▶ **MATERIAL FOR THIS TASK**:
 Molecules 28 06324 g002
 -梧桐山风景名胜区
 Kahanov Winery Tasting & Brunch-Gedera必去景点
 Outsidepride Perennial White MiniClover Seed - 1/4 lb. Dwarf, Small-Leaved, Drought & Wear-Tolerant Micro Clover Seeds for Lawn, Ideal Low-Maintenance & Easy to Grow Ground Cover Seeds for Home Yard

* * *

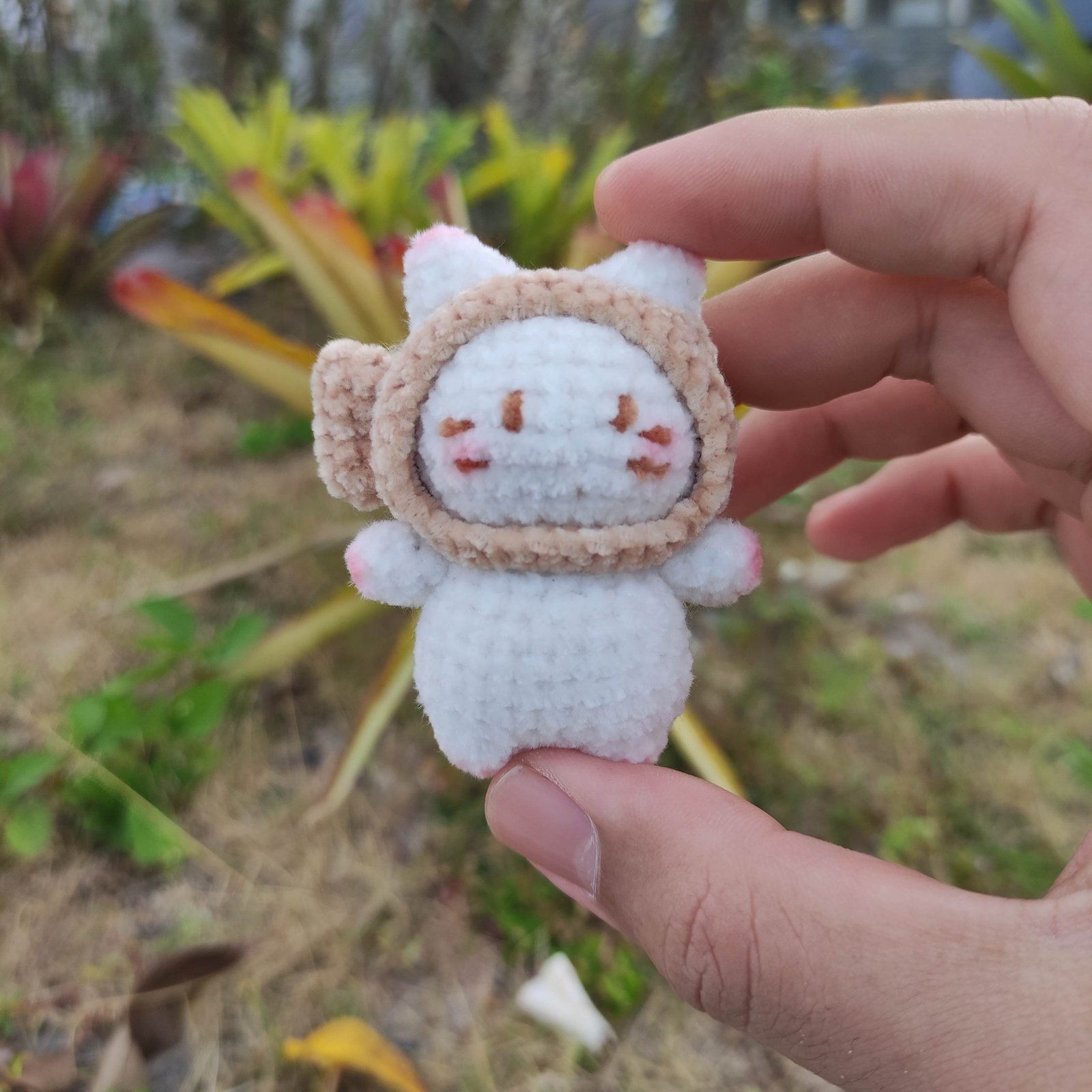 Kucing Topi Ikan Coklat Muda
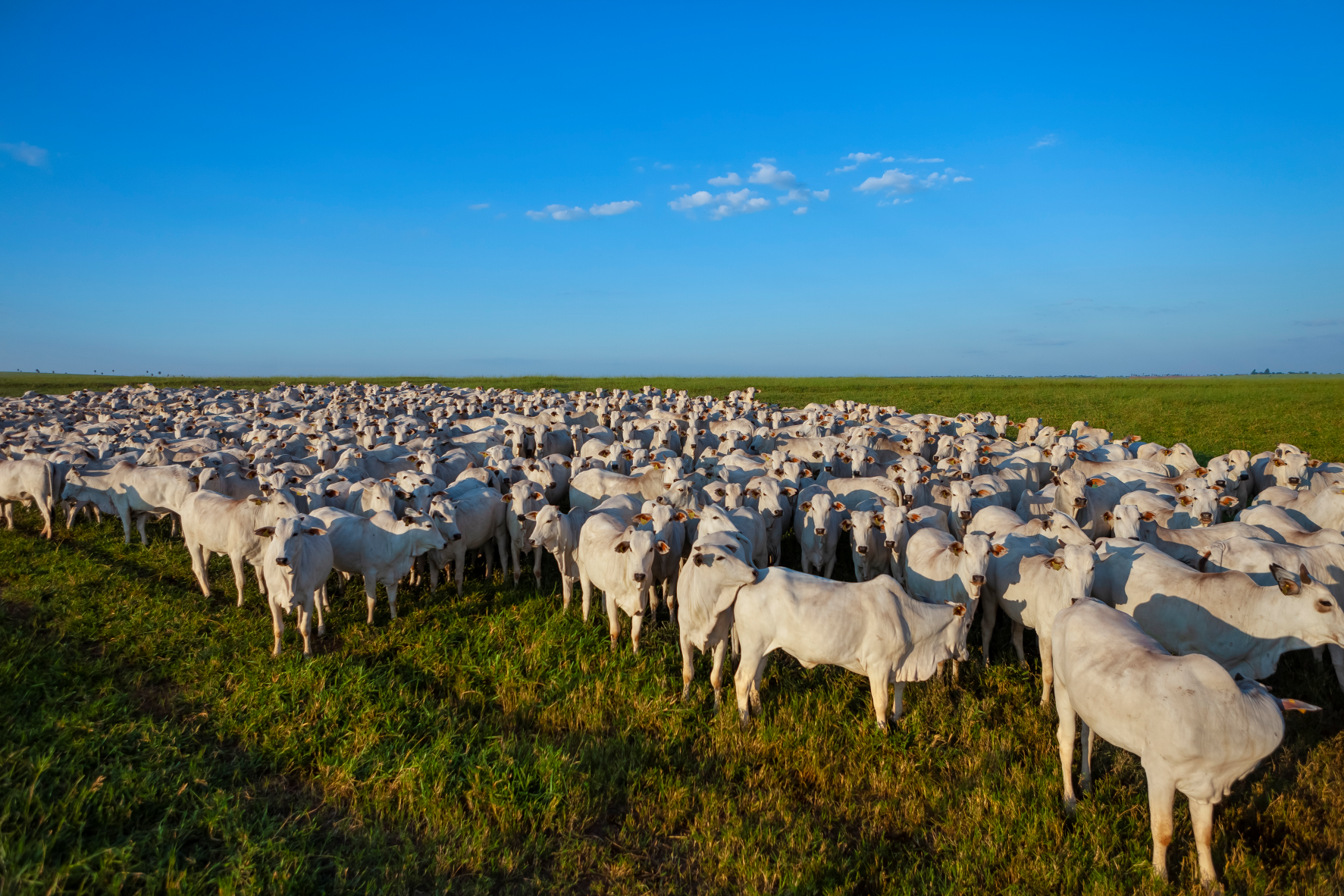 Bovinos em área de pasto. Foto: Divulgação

* * *

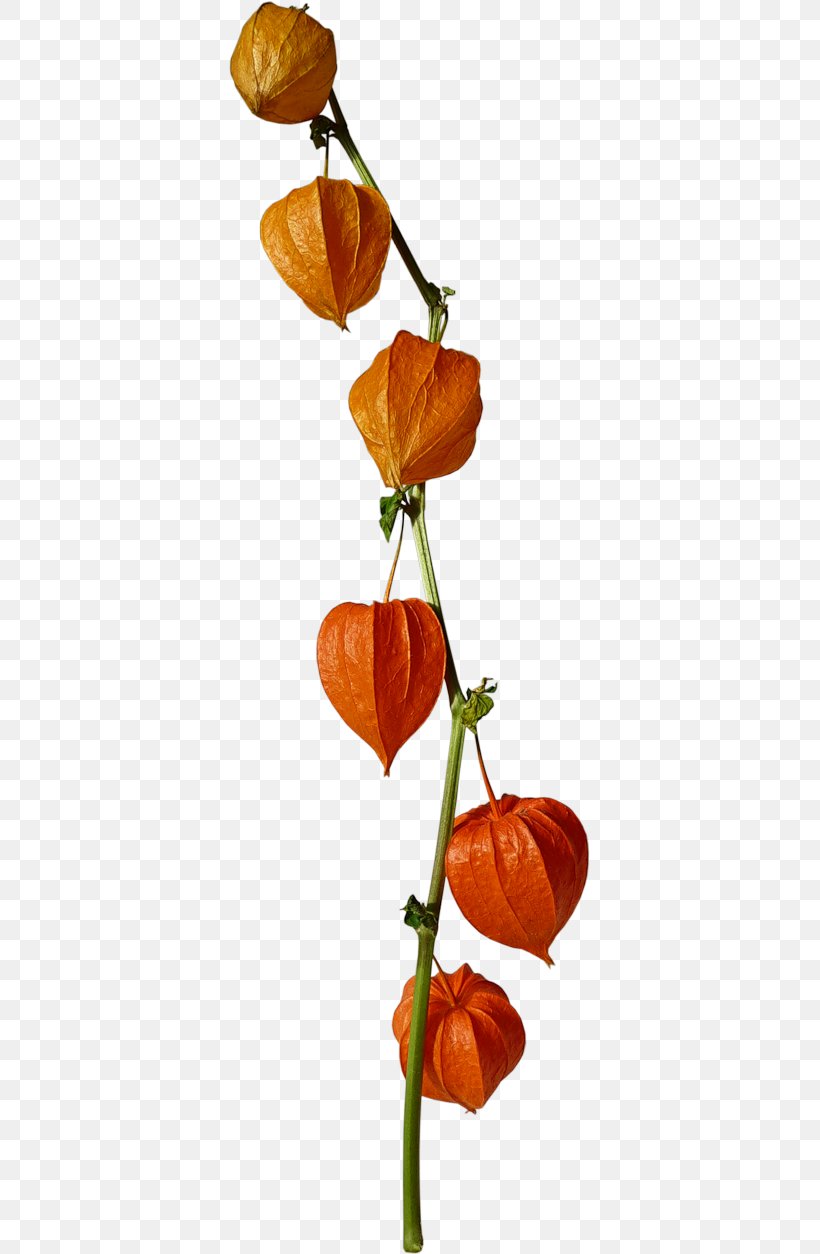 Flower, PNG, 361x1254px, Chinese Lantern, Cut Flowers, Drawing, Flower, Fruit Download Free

▶ **INSTRUCTIONS FOR THE TASK**:
Going down the listing above, begin printing at the line with "Molecules 28 06324 g002" and finish with the line with "Outsidepride Perennial White", exactly as they appear.

▶ **YOUR SOLUTION**:
 Molecules 28 06324 g002
 -梧桐山风景名胜区
 Kahanov Winery Tasting & Brunch-Gedera必去景点
 Outsidepride Perennial White MiniClover Seed - 1/4 lb. Dwarf, Small-Leaved, Drought & Wear-Tolerant Micro Clover Seeds for Lawn, Ideal Low-Maintenance & Easy to Grow Ground Cover Seeds for Home Yard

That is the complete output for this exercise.